Naomi shook her head, and she was incredulous, her heart skipping a beat to find that he was more bourgeois than she was.

“It’s near the Opéra in Paris. My father loved it. He bought all his ties there. He still had them when he died. I would have inherited them if I’d stayed.”

So, Sam thought slowly, listening to this, you come from money. You know what Old England ties are, and your father was a man of leisure.

“You haven’t said where you’re from,” she said. “We thought it would be rude to ask—so I’m not asking.”

“I don’t mind if you ask, because I won’t tell you.”

She took out the strawberries they had brought and the yogurt. Dessert.

“Mais tu me gatés!” he cried, and swore he would buy them dinner when he was rich again. His fingers, as they darted for the fruit, were suddenly elegant and discriminating.
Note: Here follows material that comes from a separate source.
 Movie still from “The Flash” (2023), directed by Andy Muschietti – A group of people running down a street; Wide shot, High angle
“We’ll see if you do,” Sam retorted.

It didn’t seem likely. For some reason she disliked his use of a French phrase, though she knew it was irritable on her part, and there was something in his unexpected confidence that struck her as being less innocent than Naomi wanted to believe. When he glanced at her his eyes were clear of all deference or doubt. He seemed to know what he was looking at, and it was not an indulgent knowledge. Her pride flared up in defense of herself, and she thought of a few sharp words she could fling at him later on, when the right occasion presented itself. It was a little more than the usual male insolence.
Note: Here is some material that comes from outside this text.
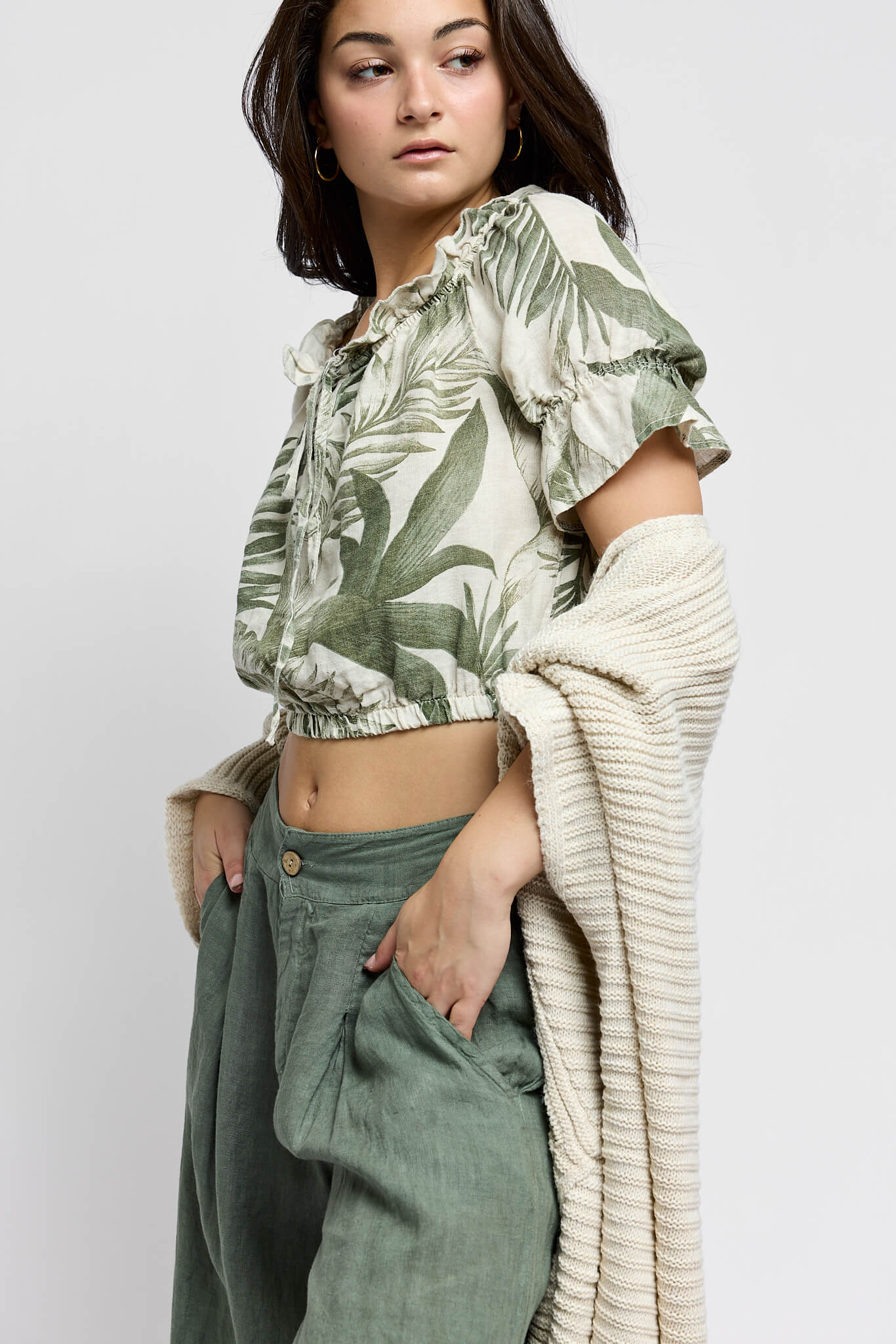 Womens crop top with green leaf print throughout and slight puff sleeves.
They ate the yogurt on plastic spoons and threw the strawberries to each other one by one. Maybe, Naomi thought, this silly laughter will reach all the way down to the shepherd with the shotgun. Gossip and islands were natural conspirators, but the time for caring about it was almost gone.
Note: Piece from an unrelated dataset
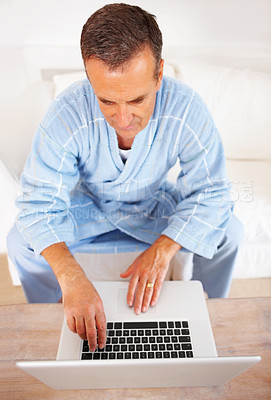 Buy stock photo Bathrobe, typing and mature man on laptop, checking email, social media or streaming subscription on sofa. Internet search, couch and senior person on home computer, website or networking from above.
Naomi wondered whether she could bring him down to the port and check him into a hotel without a passport, or using her own. It was one way of bringing him back into civilization. Then she considered buying him a ferry ticket and getting him to the mainland. Yet there was no possibility of continuation in this plan once he got there. She could give him money and send him on his way. Yes—that would work. He would take the money gratefully and move on, or so she imagined. But it was offhand and cruel, and moreover a waste of an opportunity. It seemed to her that there was something magical in this sudden appearance of another human being; it was surely a sign, as she had thought before. She could bribe someone in the port to take him in. But then she would lose her influence over him, and nor did that seem right. She was the savior and she relished the role. It made her vital in a new way. To save another person: it wasn’t nothing. It wasn’t exactly an achievement, but it was a small shift in the balance of power toward the weak. Such shifts were the substance of one’s moral life—they made the intolerable tolerable. She thought back to what Sam had said that day about atonement, and she realized now that the need for atonement was hers. She was righting the wrongs that she herself had committed, even though rationally speaking the two were not connected. Idiotic, but there it was. She had been haunted by the wronged Turk in Dalston for months, and with time it had begun to fester within her. Whether it was a small failure or a large one was immaterial; a chain reaction had been set in motion by her ineptitude and cowardice, and it would carry on creating havoc out of sight and mind for as long as that person lived. Such things did not end when one lost interest in them. Their consequences continued even if one didn’t have to live with them oneself. Morality was nothing more than paying attention to the chain reaction while not causing another one. She was feeding an unknown man strawberries on the hill outside Episkopi and she was enjoying it. He seemed to be enjoying it as well. He ought to be, she thought with gratification.

Then, as an entertainment, she brought out another small packet of the weed she had bought from the boat girl, though she wasn’t sure how he would respond to it. But he understood what it was at once and didn’t push it away. Her gifts were a success.